Jennifer MacKenzie is an agricultural photo journalist with almost 30 year's experience. Operating from her base in Cumbria, Jennifer undertakes mainly industry-related freelance writing and photography.
Savin Hill Ouality Meat
A Lake District farming and meat business is struggling to meet consumer demand in the north west for its traditional native breeds of beef and pork.
|Michelle and Shaun Partington with Middle White piglets|
The business at Savin Hill Farm in the Lyth Valley near Kendal had small beginnings 12 years ago when Shaun Partington, made redundant from his job milking cows, bought three pedigree British White maiden heifers to run on his four acres.
Shaun liked the breed because it was traditional and British and as the farm expanded – a further seven acres was bought seven years ago – Middle White pigs were added to the farm’s livestock.
A further 50 rented acres now enables 55 head of cattle and 160 pigs to be run, supplying the quality meat business which sells direct to the public and the restaurant trade.
Shaun was joined in the business by his sister Michelle two years ago. A teacher with a degree in furniture design, Michelle has played a big role in its continuing development and handles the marketing side.
“Shaun bought the British White cattle because they were a traditional breed and he felt there would be a market for them.
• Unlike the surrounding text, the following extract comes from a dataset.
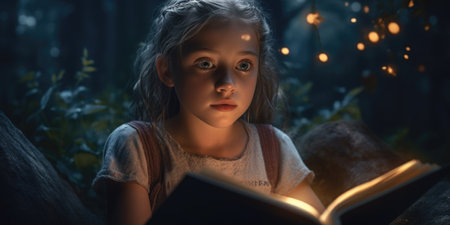 Cute little girl reading a book in the forest at night.の素材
Also, at the time he was running the farm on his own and the cattle are naturally-polled and are easily handled.
“At the time the breed was classified rare but now the Rare Breeds’ Survival Trust has them on the minority list with around 1,500 breeding females in the country.
“The Middle White pigs are an endangered breed and the Saddlebacks which came last year are classified as at Risk by the Rare breeds Survival Trust.”
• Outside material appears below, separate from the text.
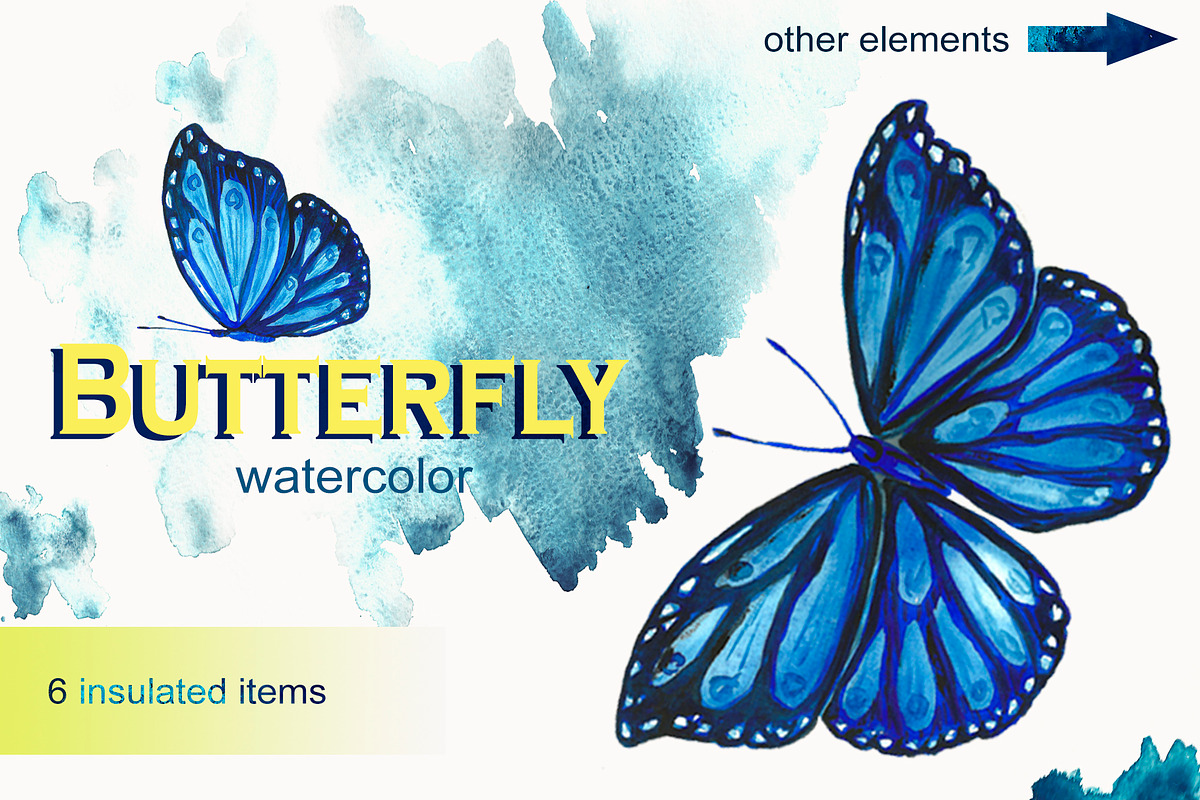 Blue watercolor butterflies, a Decorative Illustration by Art Watercolor (Photo 1 of 5)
|Michelle and a Middle White Sow|
All Cattle born at Savin Hill are finished on the farm at between 24 to 30 months old and such has been the demand for the meat that the Partingtons have developed good relationships with other British White breeders around the country who now supply them with finished animals to the same standards as their own.
“We were unable to cope with the demand for beef with our own cattle and by taking them off other breeders this has encouraged people either to expand their herds or to go into the breed.
“Our over-riding philosophy with the business is about pure traditional native breeds and sustainably farming in this country which is something that a lot of people are struggling to do in the current climate of change.
“By us creating a market for a quality product, consumers can support these breeds and hopefully encourage sufficient numbers of the animals and make it viable to farm them in this country.”
With the cattle taking at least three years to produce (from conception to the final cuts of quality meat), the small acreage at Savin Hill has not been able to cope with the demand, but the faster turn-around time for the pigs has enabled them to develop this side of the meat business. “We have won several awards for our Middle White home-produced pork which is all born, bred and reared on our farm”.
Pigs are eight to 10 months old at finishing with the Middle Whites weighing 65-80kg and the Saddlebacks will be 85kg-plus.
Meat has always been sold direct to get the best price through farmers’ markets and fine food fairs in Lancashire and the Manchester area and now there is an increasing demand for wholesale meat direct to restaurants which Michelle plans to develop.
On average, one head of Savin Hill's cattle is put through the system each month but this can rise to up to 10 during November and December when other breeders help meet the demand.
A further six pigs on average are used each week.
|British White cattle at Savin Hill|
Michelle’s partner Paul Etherington, who has 20 years’ experience as a butcher, cuts the meat in the on-farm premises to include shin, skirt, loins, legs and belly.
Quality ready-prepared meats are also sold such as loin of pork stuffed with basil and fresh sage, pork fillets wrapped in pancetta, stuffed belly pork with apricot and ginger.
The Saddlebacks are used for bacon and their trim is used in the sausages which have around a 90 per cent meat content. They are made without preservatives or artificial flavourings and colourings.
Meat from the Middle Whites, a traditional pork pig, will continue to be used for the fresh pork cuts and the trim will go into speciality pies including Pork and Lyth Valley Damson.
“We all love to eat good food – it’s an important thing for us. My mum’s side of the family were in farming. Her grand-parents used to sell eggs and milk on Blackburn market.
“We have been brought up to think that quality food is important. These days there are too many flavour enhancers, artificial preservatives and colourings being used in foods,” says Michelle, who enjoys being able to talk to her customers about what is in their products and how the meats are naturally-reared.